* [Problem statement]: Could you repeat the listing exactly, leaving out the pictures?

* [Source material]:

────────────────

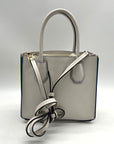 Michael Kors White Mercer Rainbow Trim Crossbody Tote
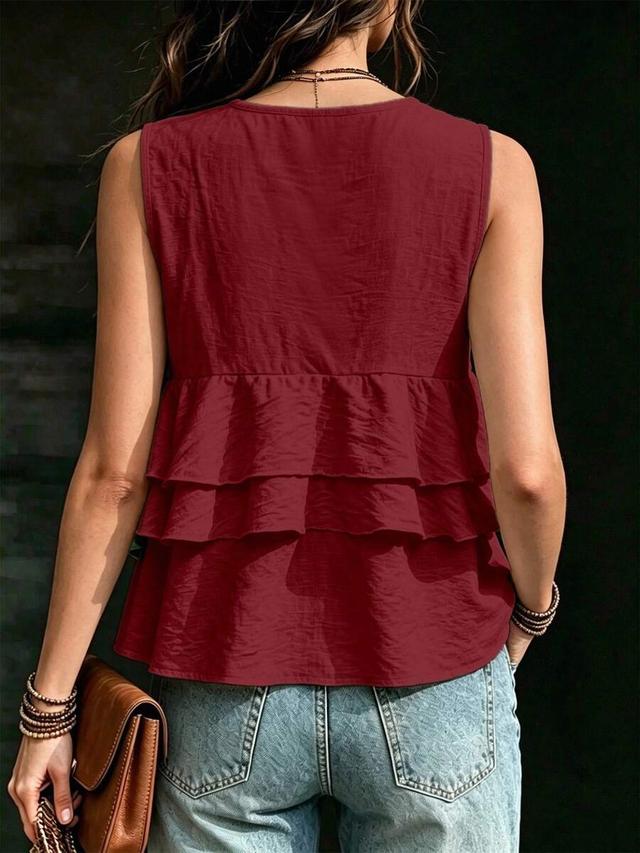burgundy tiered ruffle sleeveless casual tank top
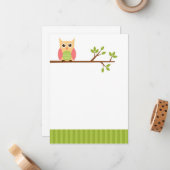 Carte de note de hibou plat - joli papier à lettre (Devant/Arrière en situation)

────────────────

* [The answer]:
 Michael Kors White Mercer Rainbow Trim Crossbody Tote
burgundy tiered ruffle sleeveless casual tank top
 Carte de note de hibou plat - joli papier à lettre (Devant/Arrière en situation)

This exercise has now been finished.